Are Americans Selfish?
The Bond Between Faith, Philanthropy and Healthy Democracies
Date: February 16, 2005 Time: 12:00 noon Speaker(s): Arthur C. Brooks
Associate Professor of Public Administration and Director of the Nonprofit Studies Program,
Maxwell School of Public Affairs,
Host(s): Joseph Loconte
William E. Simon Fellow in
Religion and a Free Society,
The Heritage Foundation
Location: The Heritage Foundation's Lehrman Auditorium
The recent tsunami disaster in South Asia exposed much misinformation about the strength of American generosity. In truth, 70 percent of Americans give to charity each year, and do so at far higher levels than people in other developed nations: three times as much as the British, four times as much as the French, and seven times as much as the Germans. Still, a substantial minority of Americans – more than 80 million – do not support any charitable causes. Why not?
Arthur C. Brooks, Associate Professor of Public Administration at Syracuse University's Maxwell School of Public Affairs, argues that charitable behavior is closely linked to religious practice and attitudes about the government's role in society. Americans who regularly attend houses of worship are much more likely to donate time or money – including to secular organizations – than their secularist counterparts. In addition, those who believe that government should redistribute income are far less likely to give voluntarily to help others. This helps explain why, compared to the United States, European states (mostly social democratic and secularist) see low levels of private giving. Dr.

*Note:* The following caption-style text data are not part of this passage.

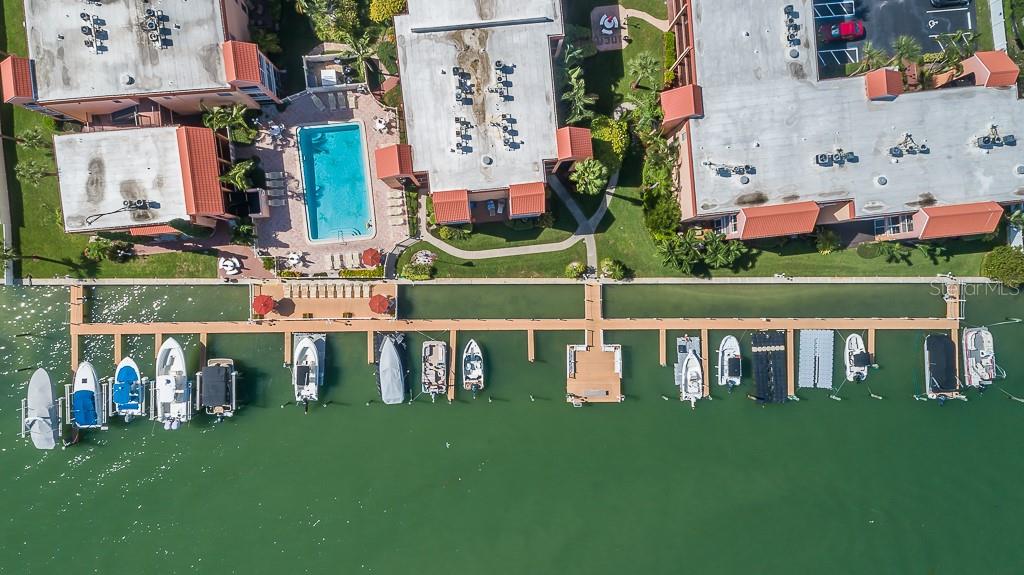 8901 Blind Pass Road, Unit 224 St. Pete Beach, FL 33706 - Photo 33 of 46 a view of building with garden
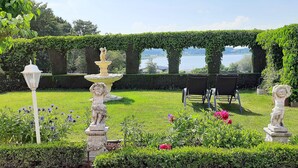 Jardí amb una font, estàtues i una vista d'un llac.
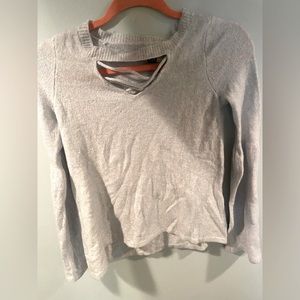 American eagle sweater like top. Cross cross pattern in front bell sleeves.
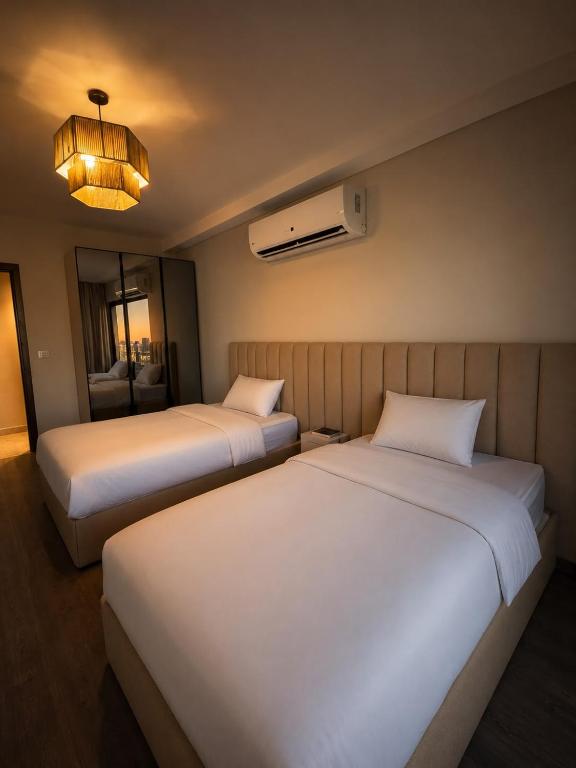 two beds in a hotel room with a chandelier at ZED Towers City View Apartment in Sheikh Zayed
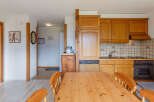 Discover a cozy kitchen with wooden cabinets and a dining table, perfect for enjoying meals.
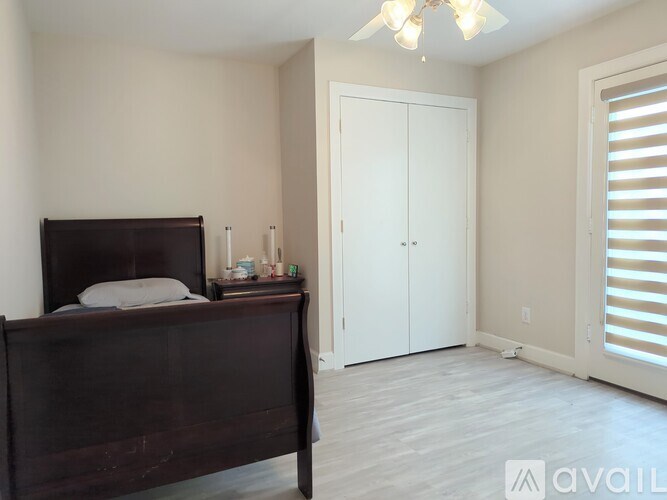A bedroom with a dark brown bed and a white wardrobe.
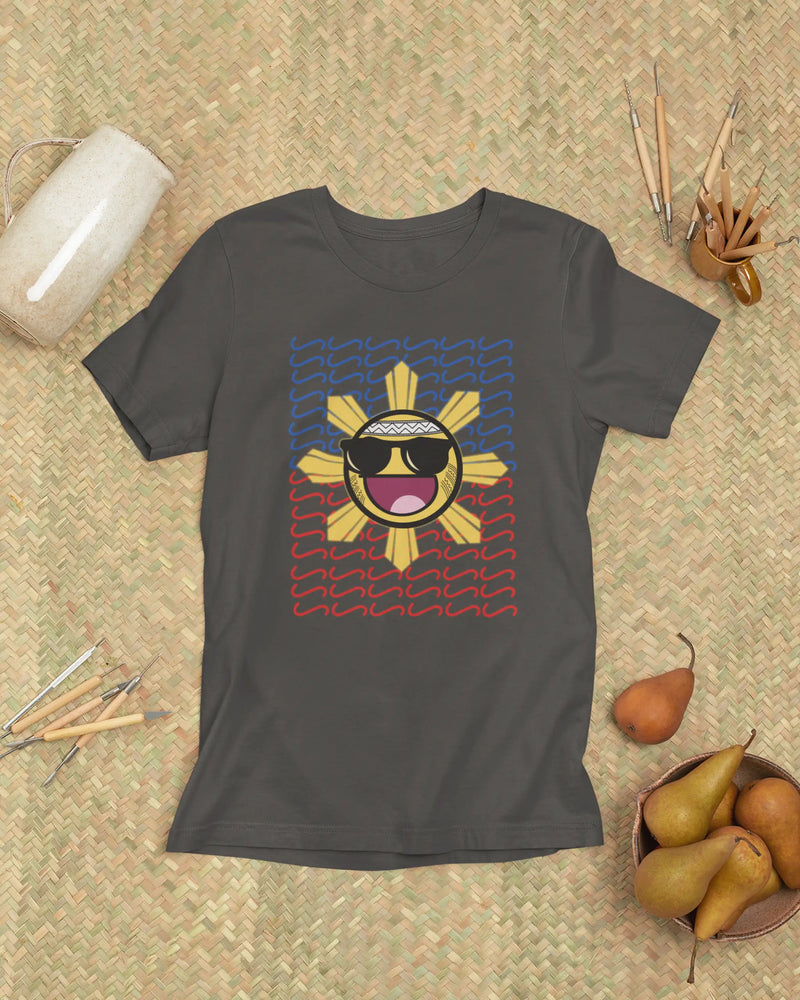 Dark grey Baybayin t-shirt laid flat on a woven banig, filipino streetwear with a laughing sun design.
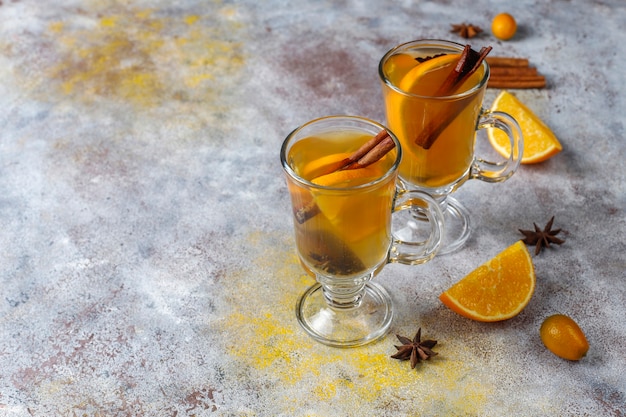 Hot healthy warming winter tea with orange, honey and cinnamon.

Brooks offers a stiff warning to politicians and policymakers who fail to view voluntary charity as a vital component of a healthy democracy.
Dr. Brooks, Director of the Nonprofit Studies Program at the Maxwell School, has published over 75 articles on charitable giving and nonprofit organizations, including contributions to The Public Interest, Policy Review, and the Wall Street Journal. His forthcoming book is entitled Selfishness in America.
Heritage is making a tacit case, clearly, that tax and spend liberals are not so generous as the good Christians who support Bush. The recomendation would be faith-based government initiatives, tax roll backs, and the conversion of Godless liberals to compassionate conservativism and the religion of their choice.
Working as I often do with Evangelical donors, I am struck by the consonance of their faith and works, and the depth and sincerity of their efforts to make a difference, often in their local community, to be good people, and to raise their children to be good, virtuous, hard working and generous. Family values with conviction, backed by action.
Yet, the apple tends to fall, in all giving, pretty close to the tree. Yalies give to Yale, preps to their prep school. Educated money to the arts and cultural institutions that provide services that donors use and appreciate. The believer gives to his or her church or house of worship. The church may be in a good part of town, surrounded by big houses. The pet lover endows a home for poodles. The athlete a stadium. And on and on.
The problem is that the communities of the poor have few in their communities who can make large gifts. And the money does not often come voluntarily from the big houses, or Churches, in the wealthy neighborhoods. Instead comes the rhetoric of self reliance and the ownership society, which falls hard upon the ears of the dispossessed.
Involuntary philanthropy or taxation is a forced exaction to make up for the limitations of our own sympathy and range of personal experience and face to face compassion. As citizens in our little communities of interest, we do not know, often, who needs what most. Government programs fill in what glamorous giving, and elite giving, and "be like me" giving so often forgets, that those most in need may be out of sight, beyond the pale of our sympathy and yet have a call upon us as fellow citizens. Nor can business do much for those without marketable skills, good health, or the ability to buy things.
So when the conservative case is made for generous, please ask: To whom? When the dollars stop moving, from scrapped government programs back to the rich, and the rich to those like themselves, who will be homeless, broken and without hope, and without help? When generosity fails, will we as a nation tread the afflicted, and the weak, under foot? Beyond generosity, I am told, is justice.